MEDAV adlı medrese hocalarının kurduğu bir derneğin başkan yardımcılığını yapıyordu. Bölge toplumunun nazarında kritik bir mevkiye sahipti. PKK tehditlerine ve faaliyetlerine karşı gönüllü konumu vardı. Açık söylemek gerekirse Abdülkerim Çevik bölgenin geleceğini belirleyebilecek kritik şahsiyetlerden biriydi. O nedenle “hedef” olan biriydi aynı zamanda. Her zaman rastlanabilecek sıradan bir sulh meselesinde psikolojisi bozuk olduğu söylenen biri tarafından katledildi. Bölgede daha önce böyle bir olay yaşanmamıştı. Arabuluculuk yapan insanlar Norşin’de daha önce böyle bir şeyle karşılaşmamıştı. İnsanlar Norşin’e barışmaya gelir, kavga etmeye değil. Menzil camiası da burada var. Norşin merkezi bir yer o bakımdan. Yörenin medreselerini yeniden canlandıran Abdülkerim hoca idi. Hem Norşin’de hem başka il ve ilçelerde. Biz de bu çalışmalarına katkıda bulunuyorduk. Bundan sonra bölgede ciddi sıkıntılara ortaya çıkarabilir. En önemlisi, bölge toplumu arasında kanaat önderi olan aile ve şahsiyetler, herhangi bir sosyal bunalım sırasında aranmalarına sorulmalarına rağmen müdahaleden çekinebilir. Bu tür anlaşmazlıklarda hedef olmak kaygısıyla arabulucu rolünü göstermeyebilir. Geçmişte bir çok olaya akil adam olarak müdahale eden bu insanların “dokunulmazlık”ı vardı. 500’e yakın husumete son vermişti. Dokunulmaz, saygı, itibar gören insanlar. Onlara dokunmak, zarar vermek kimsenin düşüneceği şey değildi. Toplumu koruyucu bir duvar daha yıkılmış oldu.
 
“Tekke ve Zaviye-Tevhid-i Tedrisat Kanunları Kaldırılmalı”

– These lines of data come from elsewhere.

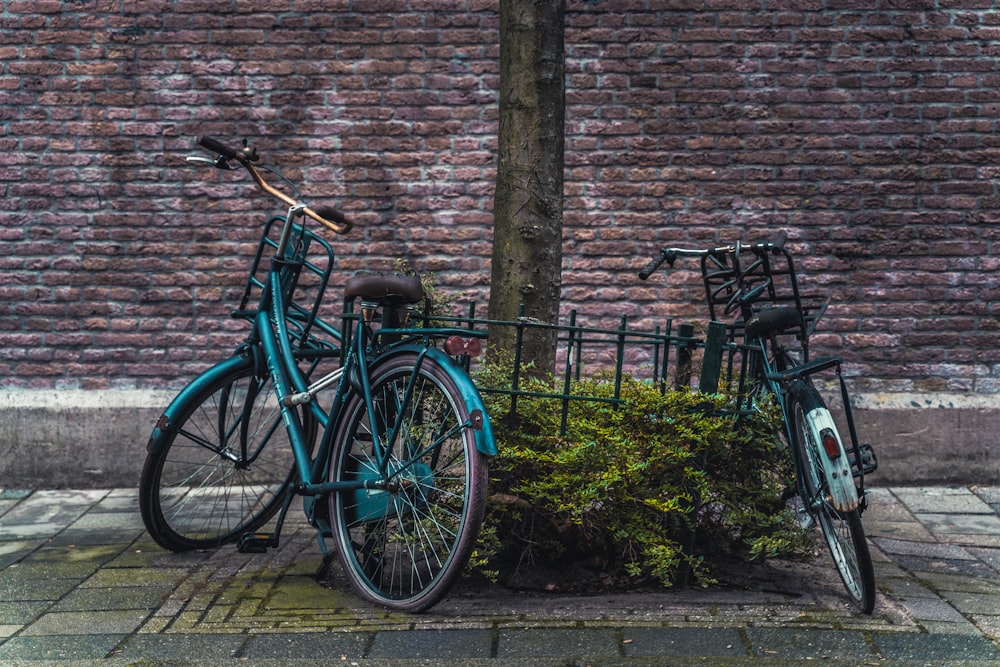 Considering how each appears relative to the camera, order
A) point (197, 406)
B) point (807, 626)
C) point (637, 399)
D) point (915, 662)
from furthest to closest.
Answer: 1. point (197, 406)
2. point (637, 399)
3. point (807, 626)
4. point (915, 662)

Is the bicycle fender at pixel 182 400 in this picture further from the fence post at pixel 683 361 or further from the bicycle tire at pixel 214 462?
the fence post at pixel 683 361

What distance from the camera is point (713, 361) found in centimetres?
395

İBB Meclisi’nde AK Parti ve MHP tarafından reddedilen, CHP ve İP meclis üyelerinin cemevlerinin ibadethane statüsüne alınması yönündeki teklifi hakkında da görüş belirten Yüksel şunları söyledi;
 
“Alevîler Almanya Merkezli Olarak Kışkırtılıyor”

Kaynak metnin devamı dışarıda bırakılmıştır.